= Fifth line =

Soviet idiom for ethnicity

Fifth line or fifth record (Пятая графа), Fifth point (Пятый пункт) is a Russian euphemism that originated in the Soviet Union, which indicated that an individual belonged to a certain ethnic group. In the Soviet Union, line number 5 for indicating ethnicity was on the Personal Record Sheet (Личный листок по учёту кадров) used by the passport departments of the Soviet Ministry of Internal Affairs (and not in the Soviet passport itself, as is often mistakenly believed). It was also on similar forms used by personnel departments of all state organizations. In the passport itself, the data fields, including "национальность" (natsionalnost), were not numbered.

Most often, it was a euphemism for the Jewish ethnicity, such as in the expressions "he has problems with his fifth line", due to anti-Semitism in the Soviet Union. People whose fifth record said "Jew" were discriminated against in various ways.

==History==

The fifth line was labelled национальность (natsionalnost), which in this context meant "ethnic origin" (the other meaning being "nationality"). In the Soviet Union, indicating one's ethnic origin in the internal passport and other identity documents was mandatory.
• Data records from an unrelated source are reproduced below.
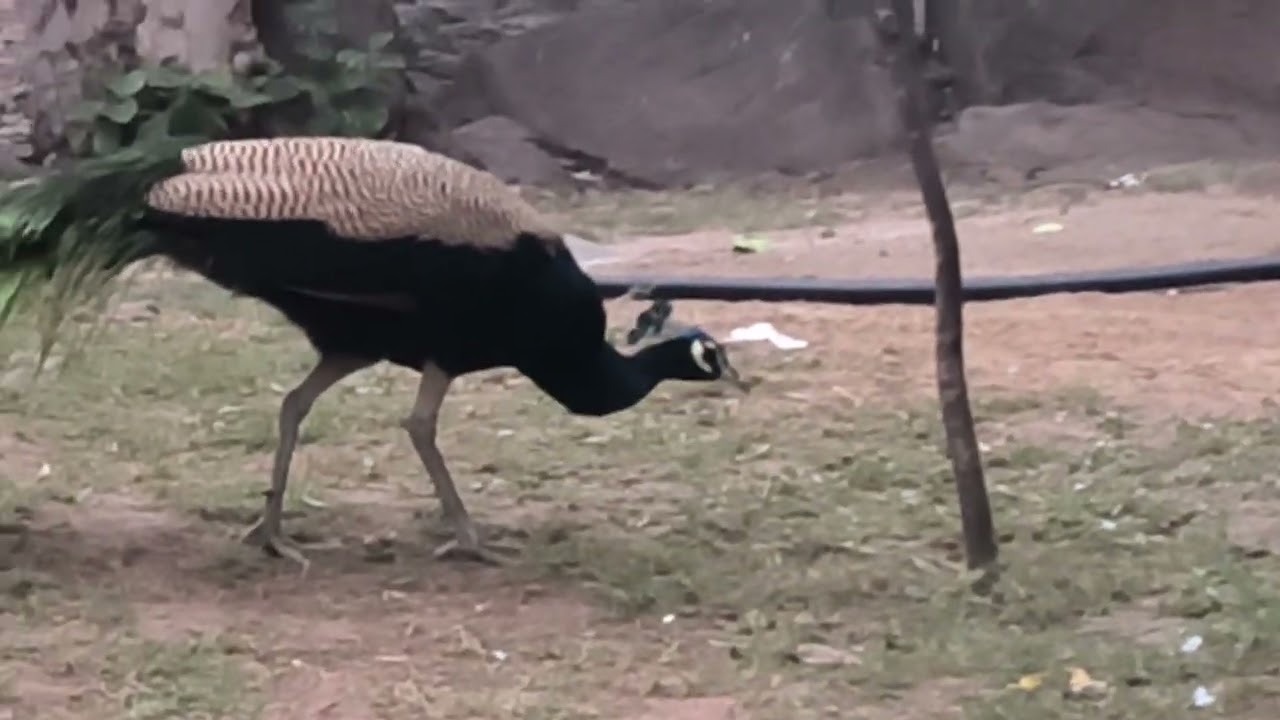 🦚🌲🦚When will the peacock understand my love?#viral #nature #trending #popular#forrest #entertainment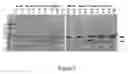 Fig. 06 - Fusion Tag Comprising an Affinity Tag and an EF-Hand Motif Containing Polypeptide and Methods of Use Thereof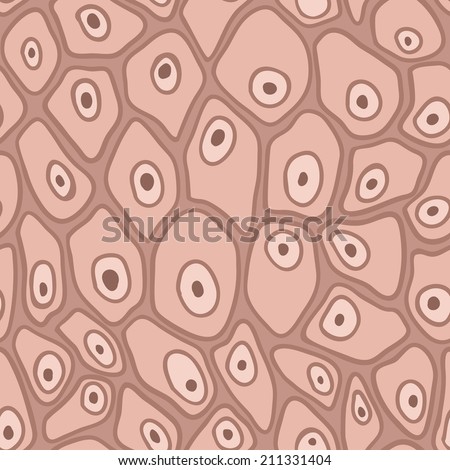 skin cells stock photos royalty free images vectors skin cells stock images royalty free images vectors skin cells stock photos royalty free images vectors skin cells stock images royalty free images vectors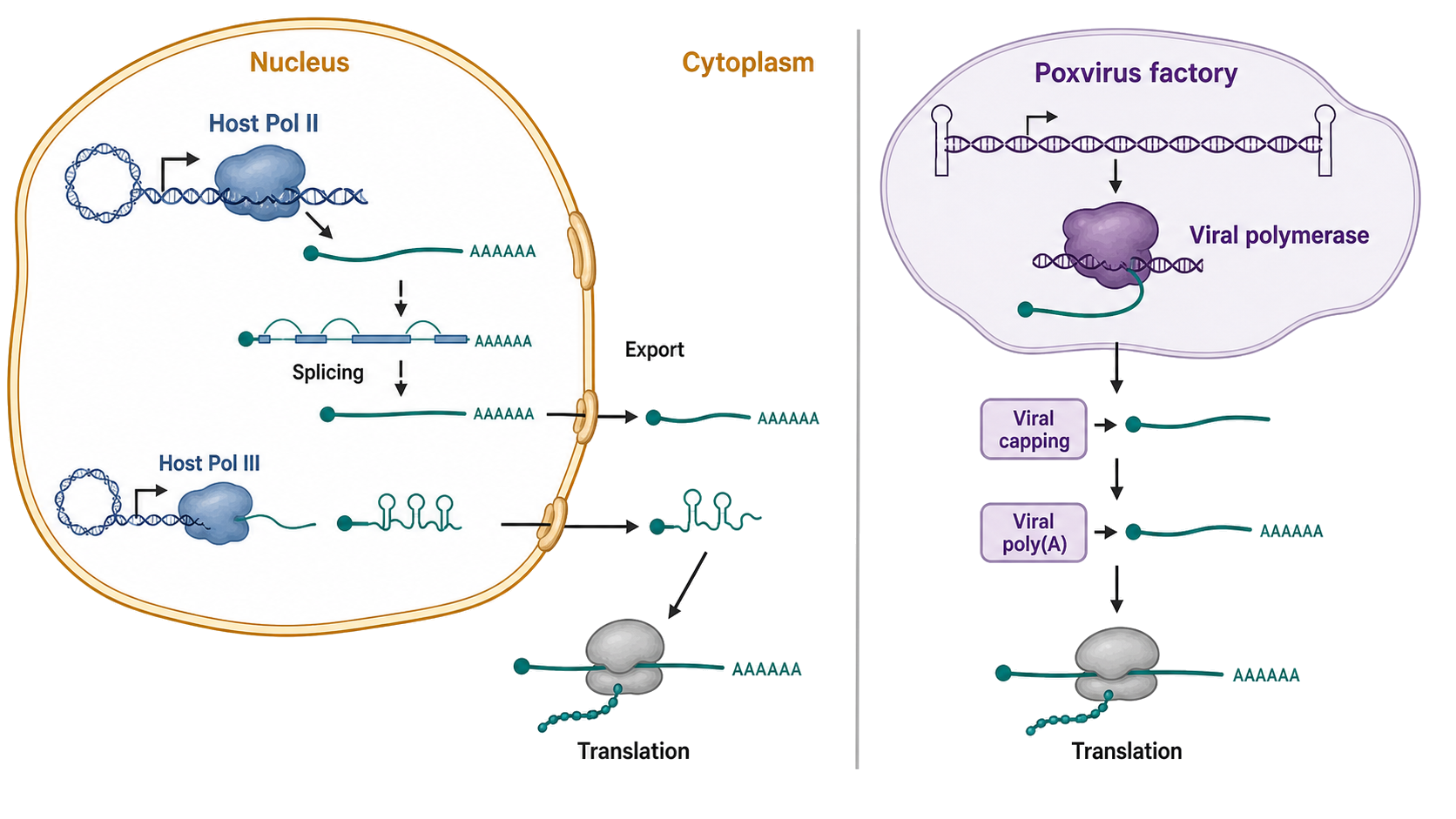 Figure 112.1. Nuclear DNA-virus transcription versus the cytoplasmic poxvirus boundary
The nationality (ethnicity) of a citizen was recorded in the fifth line based on the ethnicity of citizen's parents (or one of them). If their ethnicities were different, then in accordance with the Resolution of the Council of Ministers of the Soviet Union "On the Passport System in the USSR" dated August 28, 1974, a citizen had the right to choose the ethnicity of his father or mother when receiving the first passport upon reaching the age of 16. After that, they had no right to change ethnicity. For children under 16, ethnicity was determined (if necessary), as a rule, by the father.

A person could determine ethnicity only from among the officially recognized peoples living on the territory of the Soviet Union, according to the List of Ethnicities of the Soviet Union, which was first compiled in 1924–1926.

Often, if the ethnicity of one of the parents was "problematic" (for example, Jewish, German, Crimean Tatar, etc.), a person chose the ethnicity of the other parent, which was more acceptable (Russian, Ukrainian, Belarusian, etc.)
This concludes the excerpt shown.